The wind howled, the rain stung and the occasional HGV rumbling past only added a further buffeting. All the while Charlotte sat patiently and uncomplaining in the car as I struggled for almost an hour to get a grip on that spring clip with a pliers. After removing a few bolts, a bit of the engine mounting and some other pipe work in order to get a better purchase I still could not get the clip back into the correct place. It just dug into the pliable rubber and refused to budge. Eventually in desperation I tried a cable-tie instead, refilled the now-cool radiator, and figured we might still get a medal even if it wasn't a prized Gold one as we were likely to get penalised for falling behind schedule.
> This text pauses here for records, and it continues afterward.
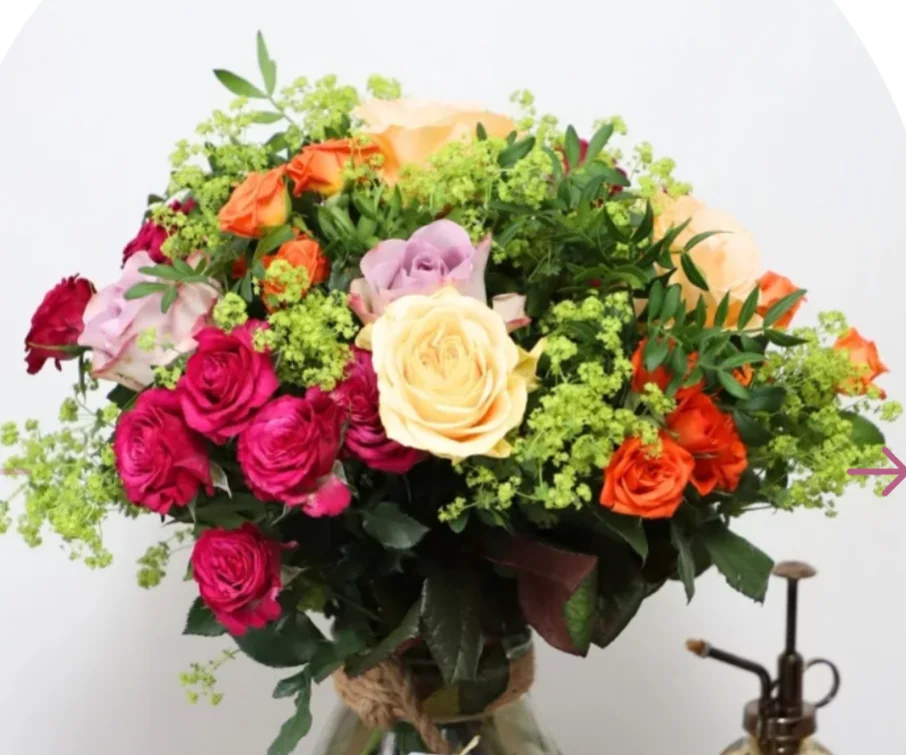 Bouquet de roses variées, par Mon Instant Fleuri, fleuriste à Loireauxence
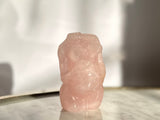 Rose Quartz Pregnant Woman Carving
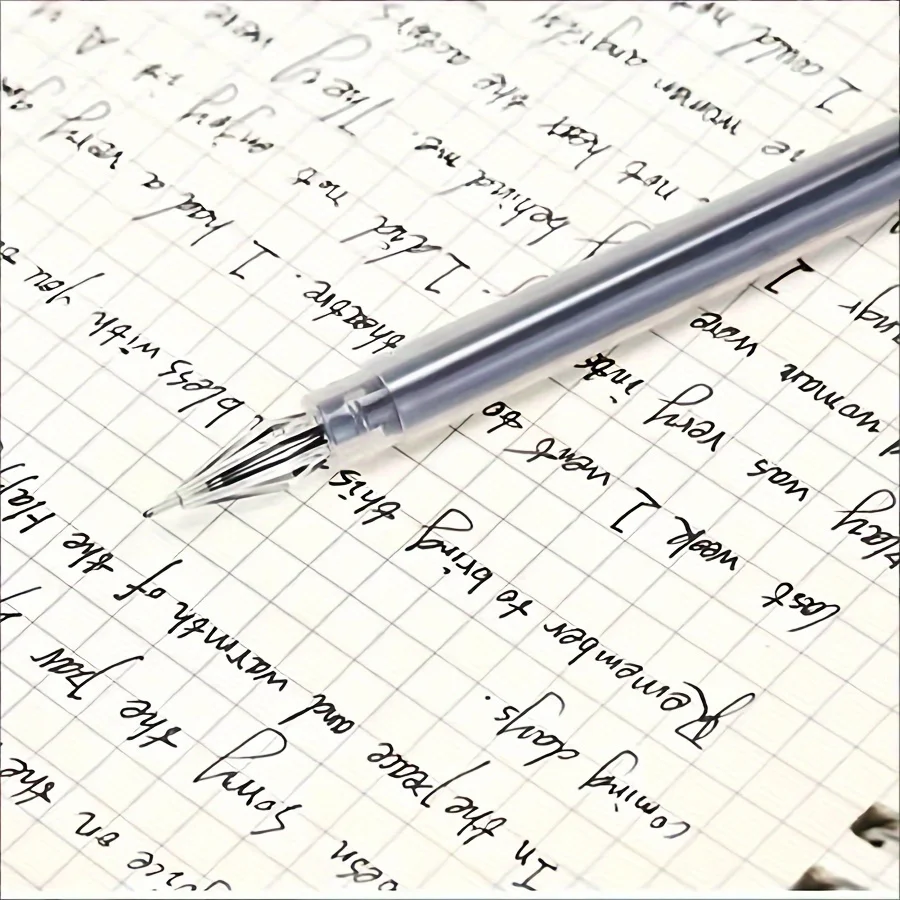 12 قطعة الماس تلميح هلام مجموعة أقلام نقطة دقيقة 0.38 مللي متر سعة كبيرة حبر أسود/أزرق للامتحان توقيع الكتابة اللوازم المدرسية والمكتبية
Trials cars parked up at the Passage Control at Musbury Garage around 4am
But the tie didn't tighten enough to maintain the water pressure and as we parked up at Musbury Garage for the Passage Control, the ominous sound of boiling could be heard from the expansion bottle. We found a handy layby, about a mile or so down the road, and waited, and waited for that giant kettle under the bonnet to stop. Clearly we were risking another head gasket failure (we had one on the Edinburgh Trial when the radiator holed) if we continued, assuming one had not already occurred, so had to admit defeat.
It was a truly horrible stormy night , but at least the Suzuki X-90 has a roof. I felt for all the dedicated marshalls standing out in such conditions and anyone who didn't have a closed car to shelter in. The rescue truck arrived a couple of hours later. We were on our way home even before first light and back in time for lunch.
The End . Collection by the rescue truck some time before dawn
That's two long-distance trials in a row that have ended on the roadside in a cloud of steam, for different reasons, it must be said. However we did avoid the engine damage of last time, which caused us to miss both the Kyrle and Mechaincs trials, and took the better part of three months to fix. Most of the Exeter issues were solved within a few hours of getting back thanks to daylight, a lack of driving rain and access to a selection of jubilee clips. (Note to self: Pack lots of those in the car from now on!) .
Crossing the ‘New’ Severn Bridge in the rescue truck with ‘Monkey’ on the back…
Not our best experience on an event but (and here we clearly must be mad or hopeless addicts) we both enjoyed it!
All part of life's rich tapestry I guess?
Next stop the shorter but no less daunting Clee Hills Trial in Shropshire on January 22nd.